France-Cameroun, une opération vérité nécessaire

C’est sans doute le « trou de mémoire » le plus béant de l’histoire coloniale française. Entre 1955 et 1970, Paris a mené au Cameroun une guerre contre les mouvements indépendantistes, puis d’opposition, qui a causé la mort de dizaine de milliers de personnes et aidé à l’implantation d’un régime autoritaire dévoué à la France. Le silence qui enveloppait cette « sale guerre » constituait à la fois une insulte aux victimes, une faille historique et un énorme non-dit dans les relations entre les deux pays.

C’est pourquoi il convient de saluer la démarche d’Emmanuel Macron qui, dans une lettre adressée au président camerounais, Paul Biya, rendue publique le 12 août, a reconnu qu’une « guerre » avait été menée alors au Cameroun par « les autorités coloniales et l’armée française » et déclaré qu’il « assum[ait] le rôle et la responsabilité de la France ».

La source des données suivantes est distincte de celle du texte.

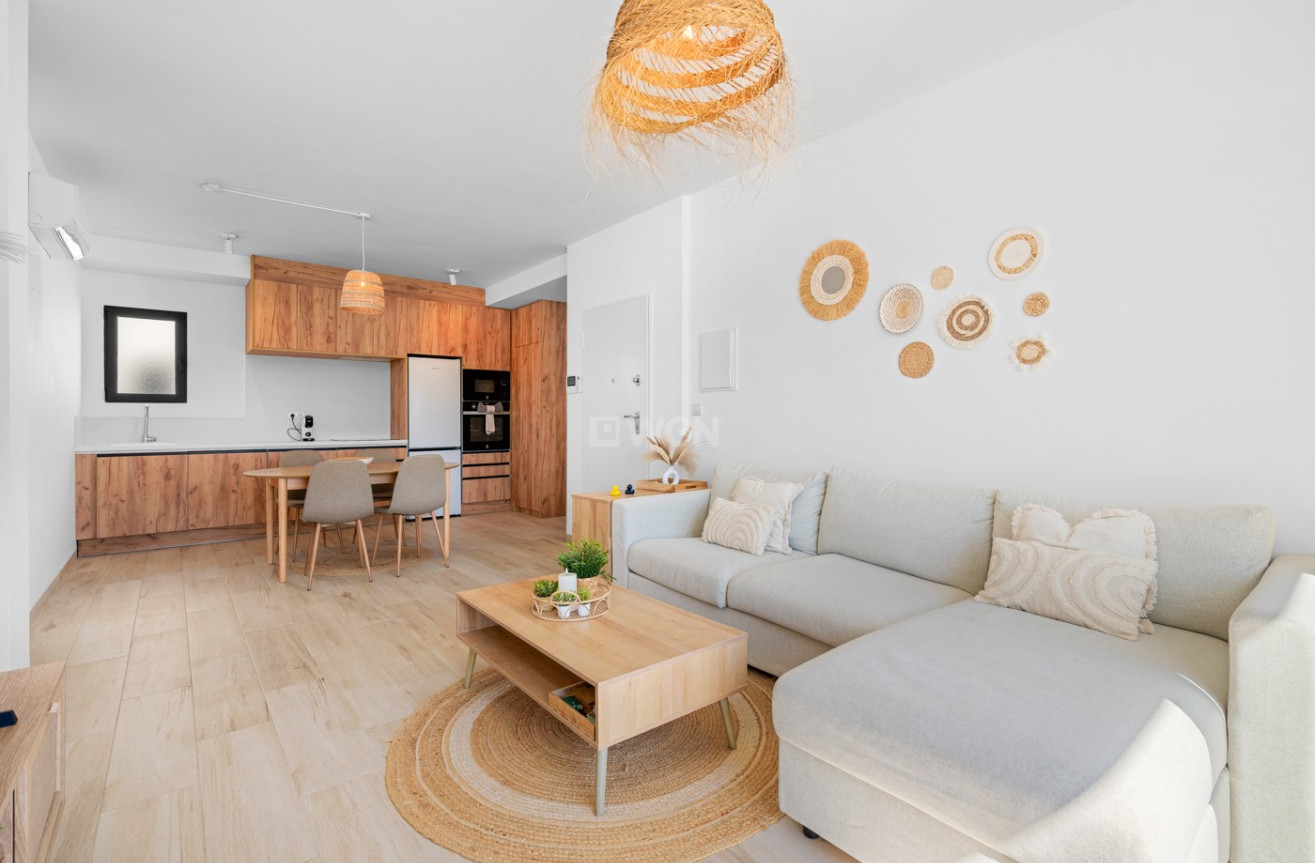 Resale - Apartment / flat - San Miguel de Salinas - Inland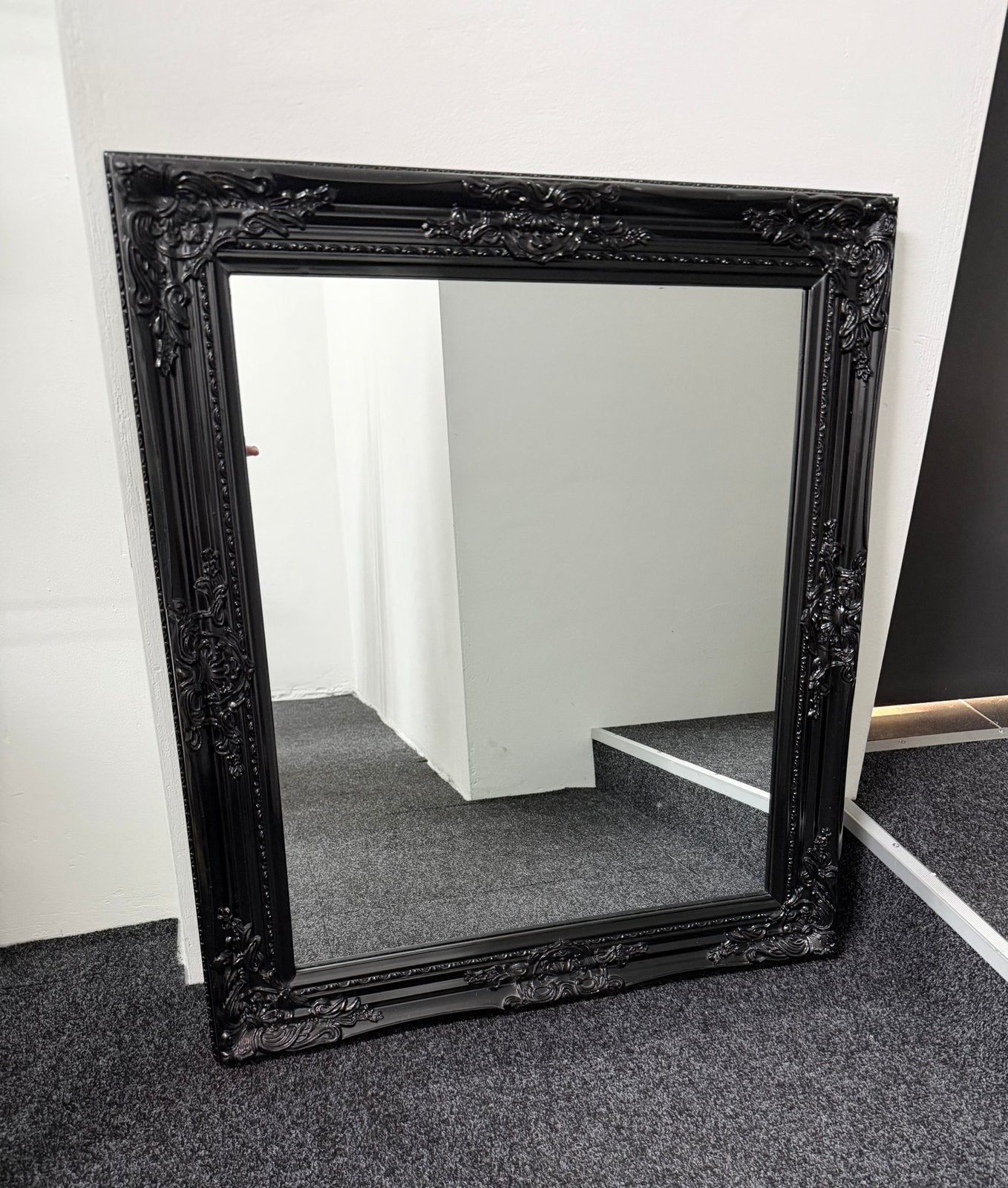 Mooie Zwarte Barok Spiegel 63 x 73 cm., Ophalen, Zo goed als nieuw, Minder dan 100 cm, Rechthoekig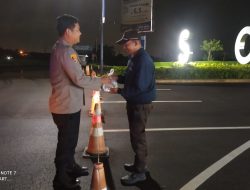 Polsek Tarumajaya Bagikan Puluhan Nasi Box Makan Sahur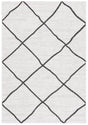 Safavieh Courtyard 4'-0" x 5'-7" Rug in Ivory / Black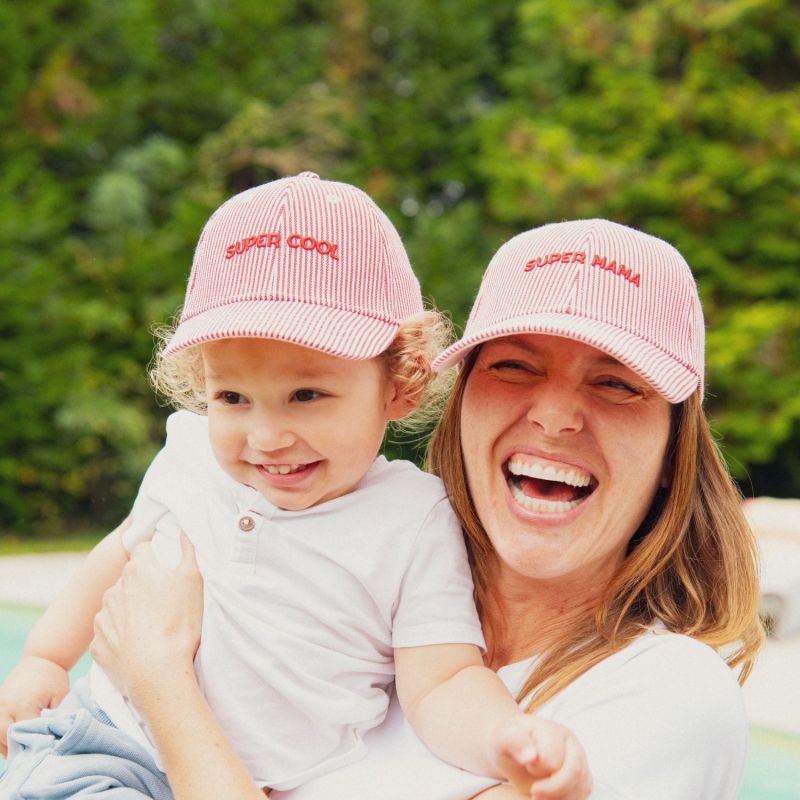 Casquette adulte Marinière Super Mama rouge (tour de tête 56-61 cm) Chamaye Ambiance 2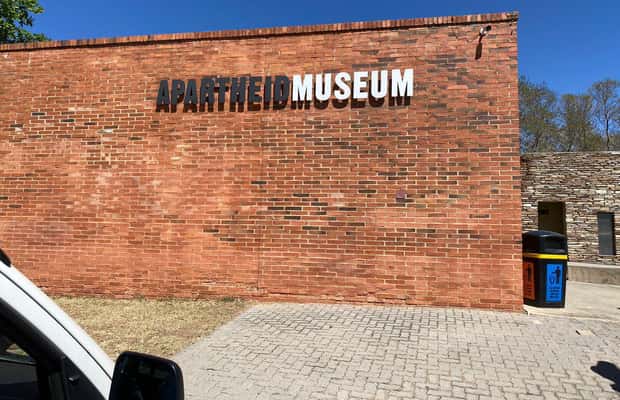 imagem n.1 de Joanesburgo: Excursão de 1 dia com o Soweto e o Museu do Apartheid atividade em Joanesburgo, carregada pelo fornecedor
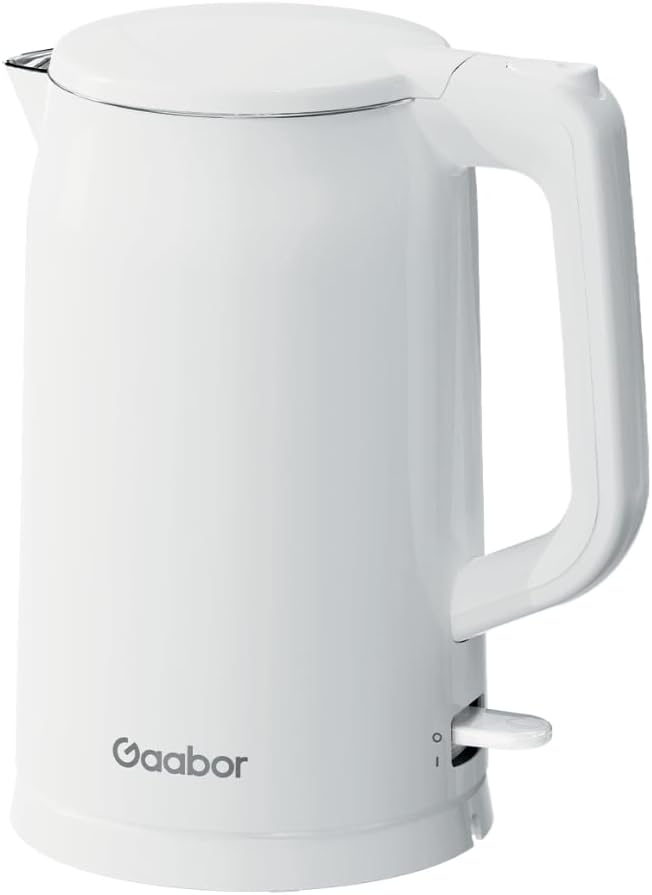 Chaleira elétrica branca 1,7l: análise prática de durabilidade e funcionalidades.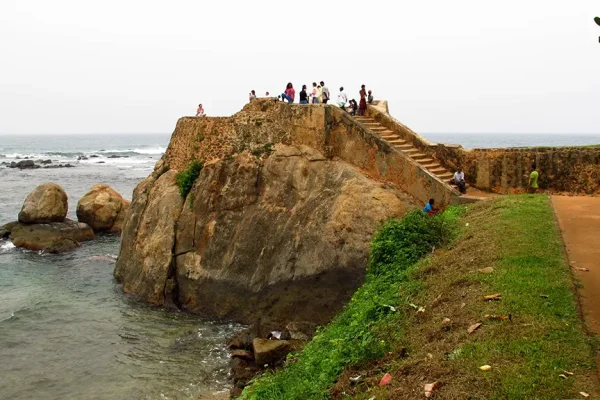 flag rock bastion galle fort sri lanka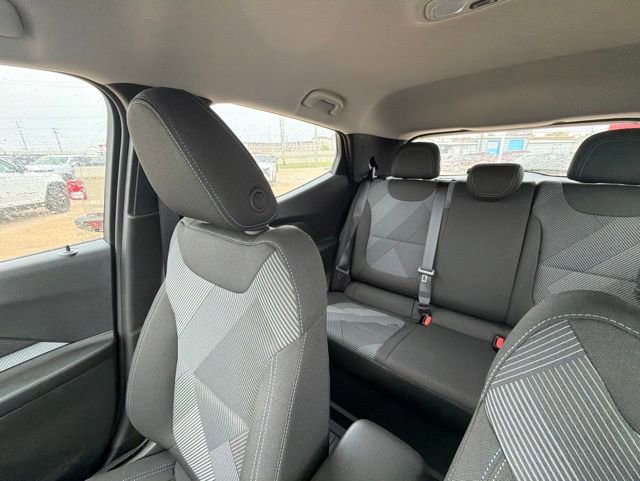 New 2027 Chevrolet Bolt LT w/ Comfort Package FWD image 9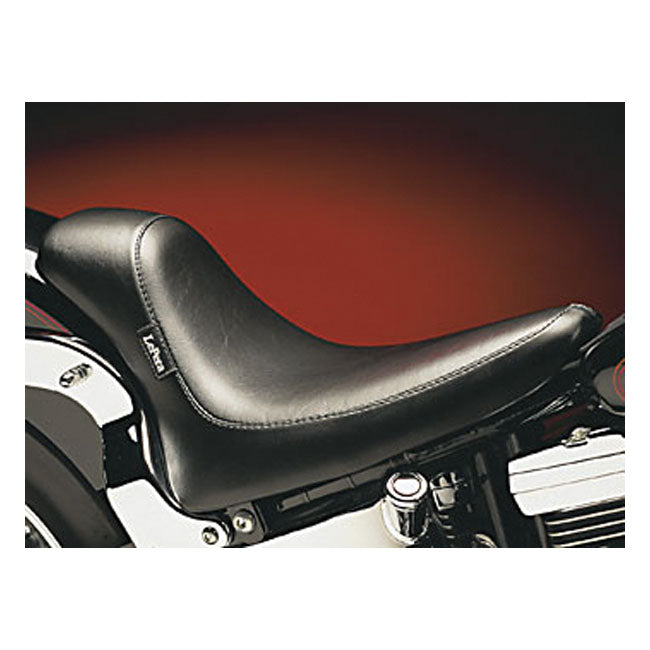 Silhouette Bullet Solo Seat 00-07 Softail (Excl. FXSTD Deuce models). Frame mounted / for Up To 150 MM Tire models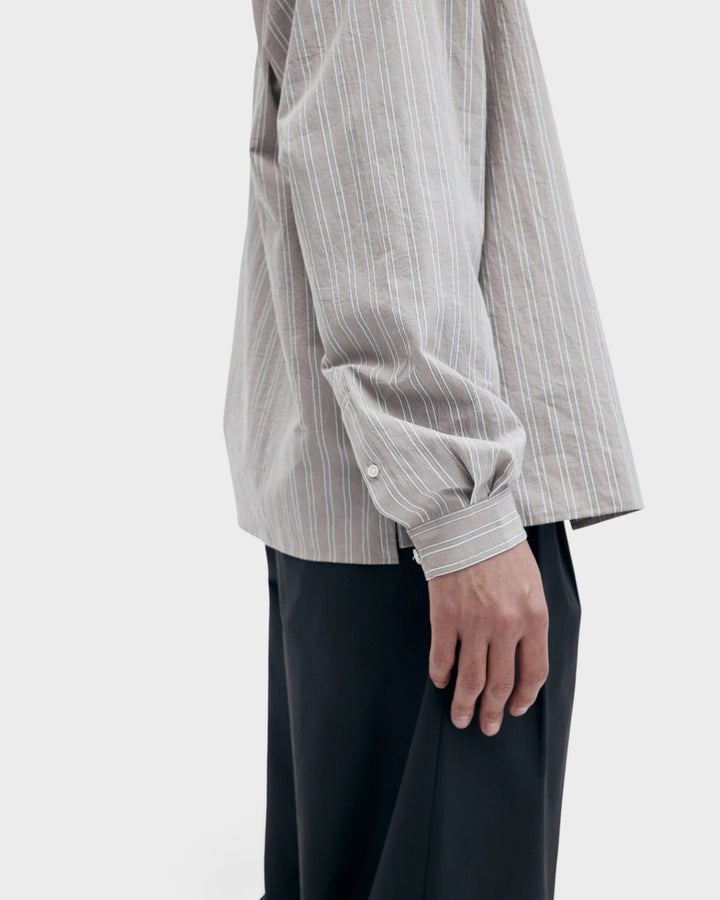 Unfeigned Long Sleeve Baggy Shirt Organic Cotton Brown and White Stripes, vue détail de la manche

Il a ainsi fallu de longues années pour que la réalité de cette terrible « pacification » opérée à huis clos, largement documentée depuis longtemps par des écrivains, des journalistes et des historiens, fasse l’objet d’une reconnaissance officielle. Les techniques de « guerre contre-révolutionnaire » expérimentées en Indochine puis en Algérie – destruction de villages, assaut contre des civils désarmés, camps de regroupement forcé, torture, assassinats ciblés – ont été appliquées contre les partisans de l’Union des populations du Cameroun (UPC), parti indépendantiste, et pour mater l’insurrection des populations bamiléké. En déléguant à des autochtones la répression au niveau local, la France a transformé un conflit colonial en guerre civile.

La démarche d’Emmanuel Macron avait débuté par la création, en 2022, d’une commission composée d’historiens français et camerounais chargée de « faire la lumière » sur ce pan de l’histoire. Remis en janvier 2025, le rapport issu de ses travaux a établi que les violences exercées au Cameroun « ont transgressé les droits humains et le droit de la guerre ».

Alors que François Hollande s’était contenté, en 2015, d’évoquer une « répression particulièrement violente », Emmanuel Macron reconnaît aujourd’hui, comme le suggérait la commission, que la France a mené une véritable « guerre » au Cameroun. Le président poursuit ainsi le nécessaire travail de vérité qui, du génocide des Tutsi au Rwanda à la guerre d’Algérie, doit combler, hors de toute idée de « repentance », les zones d’amnésie, voire de mensonge, qui pèsent encore sur la société et la diplomatie françaises.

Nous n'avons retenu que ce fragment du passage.